Proprio in queste ore in cui in Italia si sta valutando la formazione di un altro governo, la situazione di urgenza nel Mediterraneo, quella legata al salvataggio della vita delle persone non si arresta ma continua.

E’ infatti con una mail delle 11.28 di questa mattina che la Mare Jonio è tornata a chiedere aiuto al Centro di Coordinamento Marittimo Italiano per un porto sicuro di sbarco.

L’associazione Mediterranea ha portato ancora una volta a conoscenza delle condizioni psicofisiche di estrema vulnerabilità delle persone a bordo della nave Mare Jonio, dovute ai loro tragici vissuti e alle violenze subite in Libia. Condizioni aggravate dall’esperienza della morte di sei compagni di viaggio e dall’attuale situazione di incertezza e di sospensione del diritto in cui versano che si configura come “trattamento inumano e degradante”.

Nel farlo, Mediterranea ha ricordato la recentissima pronuncia del GIP di Agrigento nella vicenda della nave Open Arms, nella quale è stato ribadito come, “sulla scorta delle Convenzioni internazionali UNCLOS, SOLAS, e SAR, per come esplicitate in dettaglio nelle discendenti Linee Guida IMO”, e confluite nella direttiva SOP 009/2015, il Coordinamento delle operazioni di salvataggio ricada “sullo Stato che per primo ha ricevuto notizia di persone in pericolo in mare fino a quando il RCC competente per l’area non abbia accettato tale responsabilità” (proc. Pen. n. 3609/19 RGGIP). Nel nostro caso questo Stato è l’Italia.

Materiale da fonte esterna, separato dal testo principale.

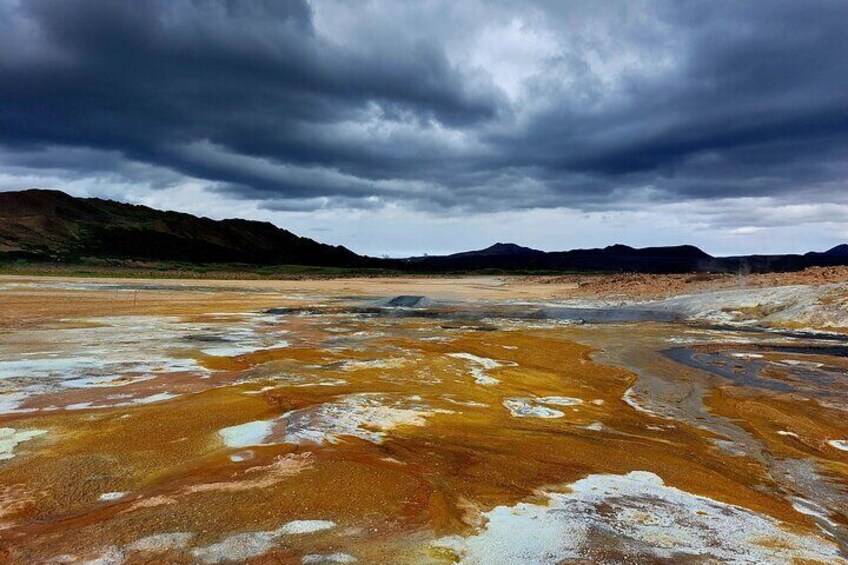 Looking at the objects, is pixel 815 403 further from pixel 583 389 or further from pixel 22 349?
pixel 22 349

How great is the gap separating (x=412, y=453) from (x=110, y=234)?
159 metres

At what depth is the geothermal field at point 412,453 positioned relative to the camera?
4609mm

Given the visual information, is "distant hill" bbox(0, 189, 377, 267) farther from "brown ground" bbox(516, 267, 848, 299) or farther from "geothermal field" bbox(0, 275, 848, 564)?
"geothermal field" bbox(0, 275, 848, 564)

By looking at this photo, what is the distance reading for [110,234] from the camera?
142m

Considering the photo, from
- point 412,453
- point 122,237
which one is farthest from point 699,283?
point 122,237

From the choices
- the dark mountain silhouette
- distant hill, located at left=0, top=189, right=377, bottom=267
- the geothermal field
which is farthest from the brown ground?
distant hill, located at left=0, top=189, right=377, bottom=267

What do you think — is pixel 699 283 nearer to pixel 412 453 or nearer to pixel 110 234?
pixel 412 453

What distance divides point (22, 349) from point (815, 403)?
18.7 metres

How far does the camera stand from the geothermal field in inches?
181

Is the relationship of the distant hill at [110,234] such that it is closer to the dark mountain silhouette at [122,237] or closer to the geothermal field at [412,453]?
the dark mountain silhouette at [122,237]

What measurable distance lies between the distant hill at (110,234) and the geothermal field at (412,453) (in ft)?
377

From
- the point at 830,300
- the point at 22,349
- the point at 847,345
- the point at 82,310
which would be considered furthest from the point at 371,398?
the point at 830,300

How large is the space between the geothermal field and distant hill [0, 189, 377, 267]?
11476 centimetres

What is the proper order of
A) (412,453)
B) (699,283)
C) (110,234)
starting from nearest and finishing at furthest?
(412,453) → (699,283) → (110,234) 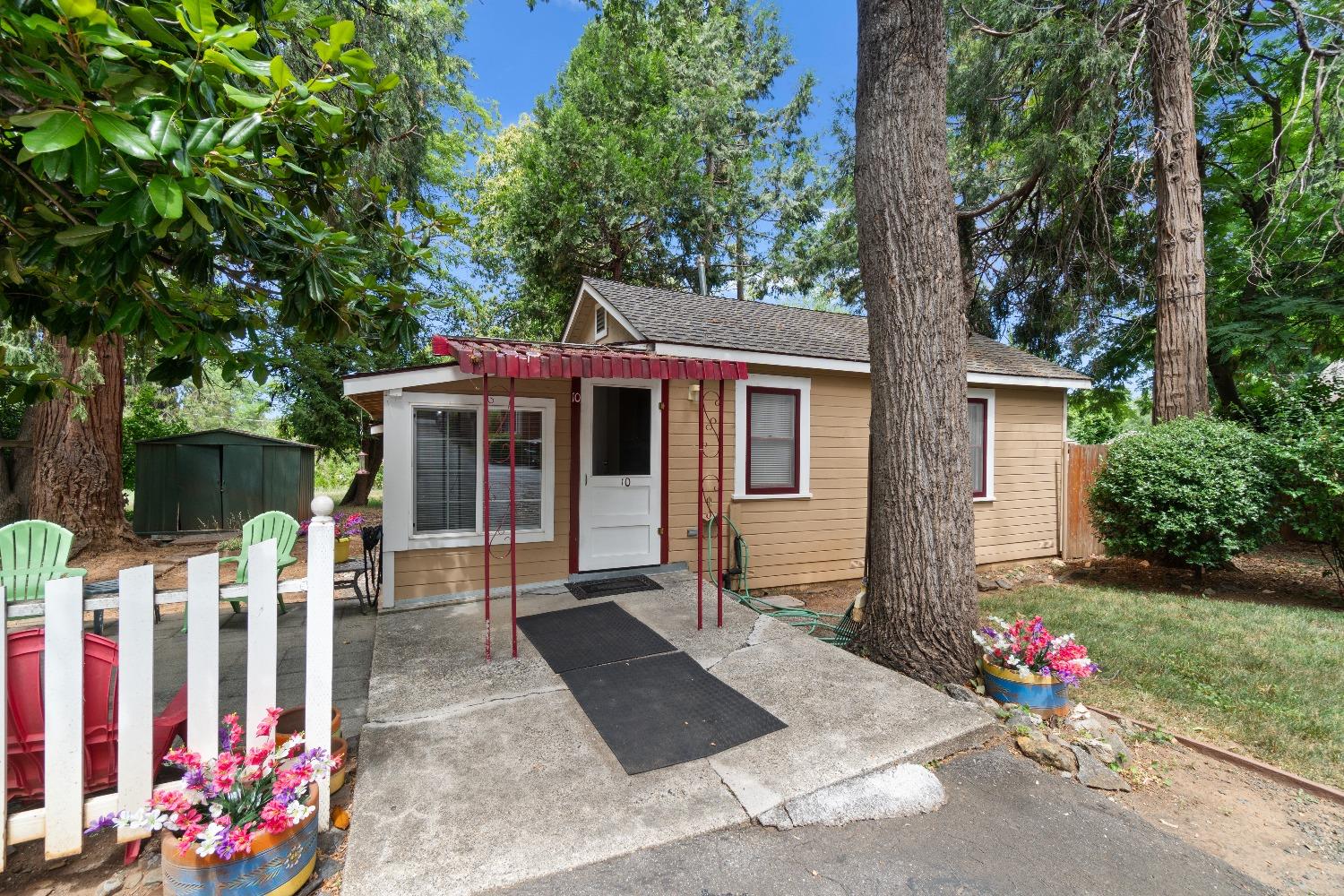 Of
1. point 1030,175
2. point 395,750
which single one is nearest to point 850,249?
point 1030,175

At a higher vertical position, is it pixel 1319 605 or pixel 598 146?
pixel 598 146

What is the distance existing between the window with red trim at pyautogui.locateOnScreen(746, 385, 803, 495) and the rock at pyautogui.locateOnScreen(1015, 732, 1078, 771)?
403 centimetres

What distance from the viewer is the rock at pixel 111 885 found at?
192 cm

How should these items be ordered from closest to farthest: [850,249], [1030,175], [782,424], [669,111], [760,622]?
[760,622], [782,424], [1030,175], [850,249], [669,111]

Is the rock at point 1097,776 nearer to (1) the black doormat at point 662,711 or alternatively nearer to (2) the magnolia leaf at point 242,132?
(1) the black doormat at point 662,711

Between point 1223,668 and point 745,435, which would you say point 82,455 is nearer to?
point 745,435

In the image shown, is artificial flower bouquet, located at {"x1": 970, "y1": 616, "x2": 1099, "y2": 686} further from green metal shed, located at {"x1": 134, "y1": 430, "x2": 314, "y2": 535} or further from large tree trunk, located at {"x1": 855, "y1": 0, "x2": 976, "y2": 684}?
green metal shed, located at {"x1": 134, "y1": 430, "x2": 314, "y2": 535}

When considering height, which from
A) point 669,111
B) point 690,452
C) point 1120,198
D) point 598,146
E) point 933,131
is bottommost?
point 690,452

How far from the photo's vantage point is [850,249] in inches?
543

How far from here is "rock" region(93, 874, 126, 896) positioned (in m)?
1.92

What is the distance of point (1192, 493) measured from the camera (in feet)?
21.0

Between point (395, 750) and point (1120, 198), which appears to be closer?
point (395, 750)

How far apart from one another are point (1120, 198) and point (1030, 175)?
1637mm

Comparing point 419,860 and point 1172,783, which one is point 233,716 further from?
point 1172,783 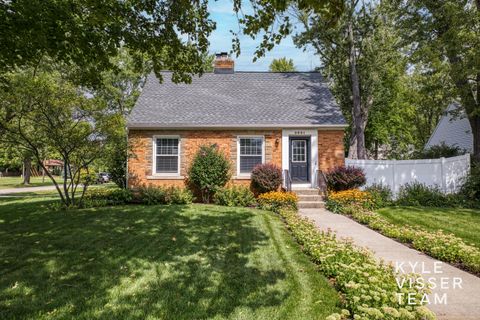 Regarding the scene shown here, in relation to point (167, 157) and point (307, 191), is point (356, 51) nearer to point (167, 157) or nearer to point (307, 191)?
point (307, 191)

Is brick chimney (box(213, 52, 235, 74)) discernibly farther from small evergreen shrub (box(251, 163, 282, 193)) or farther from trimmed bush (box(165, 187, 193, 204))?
trimmed bush (box(165, 187, 193, 204))

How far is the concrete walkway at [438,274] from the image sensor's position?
3744mm

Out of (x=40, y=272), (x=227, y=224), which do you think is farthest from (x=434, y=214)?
(x=40, y=272)

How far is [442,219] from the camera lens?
9.31m

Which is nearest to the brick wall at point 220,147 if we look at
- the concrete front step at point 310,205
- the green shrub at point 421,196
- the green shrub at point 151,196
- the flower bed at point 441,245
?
the green shrub at point 151,196

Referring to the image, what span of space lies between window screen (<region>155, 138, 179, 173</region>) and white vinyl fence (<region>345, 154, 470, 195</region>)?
883 centimetres

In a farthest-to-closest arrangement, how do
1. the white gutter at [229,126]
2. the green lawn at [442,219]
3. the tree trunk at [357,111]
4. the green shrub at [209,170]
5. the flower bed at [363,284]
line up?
the tree trunk at [357,111], the white gutter at [229,126], the green shrub at [209,170], the green lawn at [442,219], the flower bed at [363,284]

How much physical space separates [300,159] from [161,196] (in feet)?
22.1

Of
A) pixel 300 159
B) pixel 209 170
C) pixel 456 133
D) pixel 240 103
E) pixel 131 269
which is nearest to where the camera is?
pixel 131 269

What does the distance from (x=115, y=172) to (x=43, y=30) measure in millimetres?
10184

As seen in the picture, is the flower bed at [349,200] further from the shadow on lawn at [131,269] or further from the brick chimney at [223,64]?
the brick chimney at [223,64]

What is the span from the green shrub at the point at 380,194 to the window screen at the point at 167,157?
8644 millimetres

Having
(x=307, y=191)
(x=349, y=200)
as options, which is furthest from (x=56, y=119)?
(x=349, y=200)

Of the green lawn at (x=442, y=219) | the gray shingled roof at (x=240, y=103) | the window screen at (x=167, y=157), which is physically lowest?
the green lawn at (x=442, y=219) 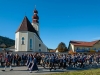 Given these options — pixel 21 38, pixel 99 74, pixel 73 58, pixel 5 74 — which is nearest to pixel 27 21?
pixel 21 38

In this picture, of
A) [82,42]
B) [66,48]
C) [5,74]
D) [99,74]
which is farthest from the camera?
[82,42]

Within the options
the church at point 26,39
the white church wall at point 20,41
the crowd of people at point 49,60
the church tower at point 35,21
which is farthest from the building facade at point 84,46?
the crowd of people at point 49,60

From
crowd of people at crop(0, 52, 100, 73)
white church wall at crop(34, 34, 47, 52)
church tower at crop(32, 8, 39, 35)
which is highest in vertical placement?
church tower at crop(32, 8, 39, 35)

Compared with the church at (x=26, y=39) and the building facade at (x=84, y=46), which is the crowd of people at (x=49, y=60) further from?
the building facade at (x=84, y=46)

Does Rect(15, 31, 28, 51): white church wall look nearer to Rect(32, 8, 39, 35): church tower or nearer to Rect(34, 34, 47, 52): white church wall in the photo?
Rect(34, 34, 47, 52): white church wall

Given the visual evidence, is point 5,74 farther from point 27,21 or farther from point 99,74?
point 27,21

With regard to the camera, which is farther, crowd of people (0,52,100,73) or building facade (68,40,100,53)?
building facade (68,40,100,53)

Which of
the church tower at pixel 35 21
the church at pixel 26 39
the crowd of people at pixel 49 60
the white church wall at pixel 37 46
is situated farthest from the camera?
the church tower at pixel 35 21

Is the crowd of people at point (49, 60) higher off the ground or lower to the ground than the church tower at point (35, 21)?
lower

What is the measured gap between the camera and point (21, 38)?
54000 mm

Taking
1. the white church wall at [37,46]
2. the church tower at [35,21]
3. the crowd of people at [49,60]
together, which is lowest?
the crowd of people at [49,60]

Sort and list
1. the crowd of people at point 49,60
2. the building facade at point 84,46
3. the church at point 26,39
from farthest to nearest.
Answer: the building facade at point 84,46 < the church at point 26,39 < the crowd of people at point 49,60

Già questa mattina alle 9, il personale sanitario di bordo della Mare Jonio aveva nuovamente inviato alle autorità competenti una nuova richiesta urgente di entrata in porto della nave, a causa del rischio di emergenza igienico-sanitaria.

In particolare, a destare allarme è la mancanza di acqua destinata a uso igienico e alle altre necessità di bordo, mancanza che si protrae da ormai 40 ore e di cui le autorità sono informate già dalle prime ore di ieri mattina.

Nella richiesta si sottolineava che questa emergenza non può evidentemente essere risolta con il semplice invio di bottiglie di acqua.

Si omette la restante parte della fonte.